Consciencias

Luis Miguel Coloma

El buceador que se sumerge en el profundo y oscuro océano, cuando regresa a la superficie la ve como una extensión de tierra, azul o plateada, pero móvil. Es la otra cara de una realidad que pasa porque es la habitual, pero que es igualmente bella y fascinante. Asciende desde el negro abismo. Avanza hacia la luz y la falta de aire le impide disfrutar de esa maravilla dinámica. De hacerlo plácidamente… Sí. Es así siempre. Se sube rápidamente y con el oxígeno al límite de terminar. La falta de aire se confunde por unos segundos con ese sentimiento entre terror y atracción ineludible que genera el índigo infinito del océano. Un miedo atávico que impulsa hacia la luz y que supera el deseo por seguir contemplando la belleza que se deja atrás.
Y cuando la atraviesa, cuando la rompe brusca y violentamente buscando una bocanada de aire, ya ha cruzado hacia la otra realidad. La común… La que está a este lado. Ésa que normalmente no admiramos porque la damos por hecha, por recibida y por merecida. Ésa de la cual casi ni caemos en la cuenta porque estamos obnubilados ante el misterio de lo que no conocemos. De lo que no vemos. De lo que no tenemos. De lo que no controlamos… ¿Y cómo de fina es esa barrera que separa mundos tan rematadamente diferentes?

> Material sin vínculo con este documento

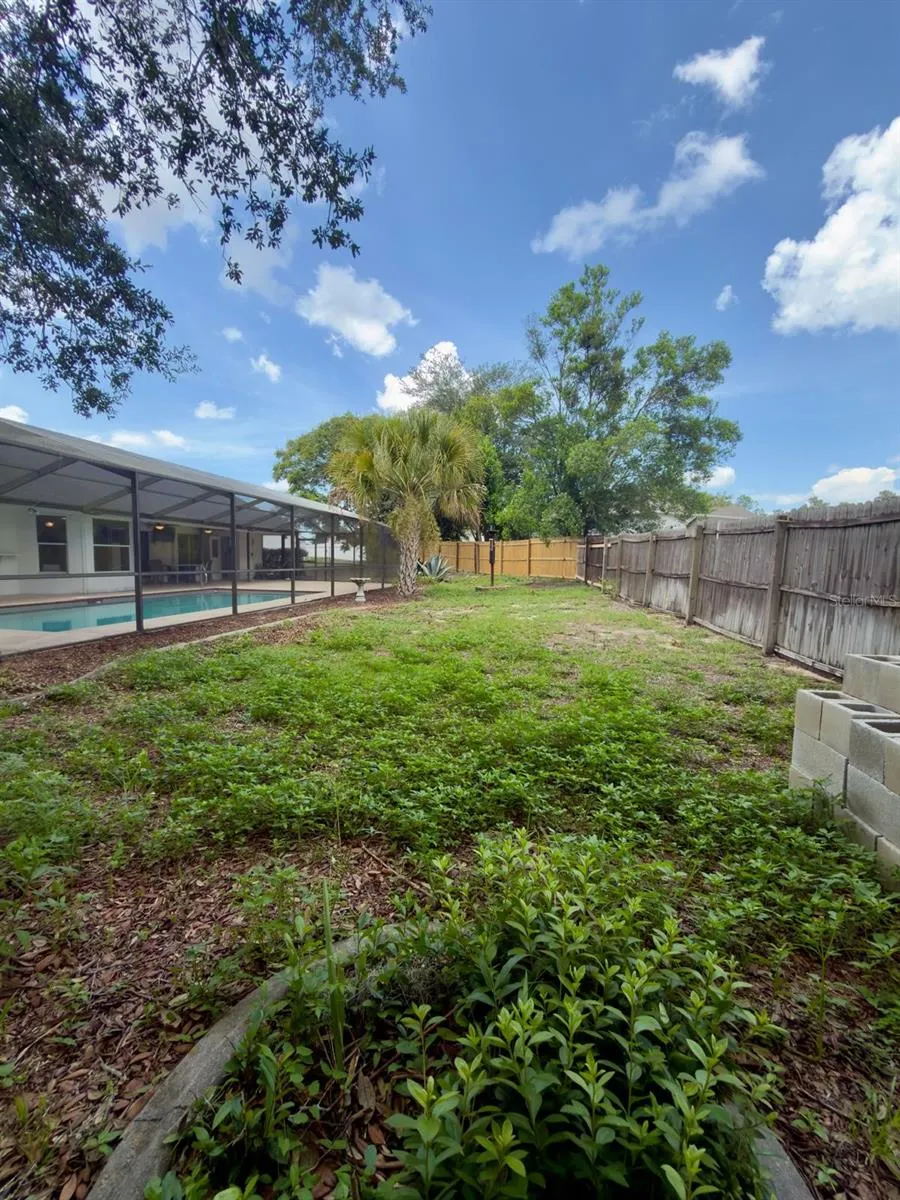 13322 JAY COURT Spring Hill, FL 34609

No importa cuántas veces rompamos con nuestro cuerpo ese tenue himen que es la superficie del mar. Porque es infinitamente generosa y nos permitirá entrar una y otra vez como si fuese la primera. Nos recibe y nos envuelve. Nos abre la puerta con la sonrisa de la Gioconda, porque sabe bien que cien o mil veces después, ni siquiera habremos caído en la cuenta. No conquistas el mar. Es el mar el que te conquista a ti. Es él quien penetra en tus pensamientos. Quien te cautiva y te quita el habla… Quien te deja sin respiración aun estando en tierra.
Es como el sueño. En él te sientes ingrávido. Flotas a merced de corrientes que no necesitas ver, ni conoces ni puedes controlar. El sueño es una dimensión líquida y en ella los movimientos son más suaves y armoniosos. Porque el tiempo pasa a una velocidad discontinua. Nos posee, nos mece. Nos retrotrae al origen. A un tiempo antes del origen… Es un estado intrauterino de la existencia al que podemos volver cada noche. Un préstamo maravilloso…
Sin embargo creemos, estamos convencidos, de que la consciencia pertenece al día. Que ésta habita en esa rueda endiablada en la que se ha convertido nuestra realidad. En la razón. En el sueño de la razón… Junto a los monstruos que crean nuestras culpas y miedos. La consciencia es supuestamente ese espacio en el que vivimos acechados por ellos. Por la incertidumbre sobre las posesiones materiales. Es, tal vez, esa zona de confort a la que vivimos aferrados, dejándonos hasta las uñas en el intento de que nada ni nadie nos arranque de ella.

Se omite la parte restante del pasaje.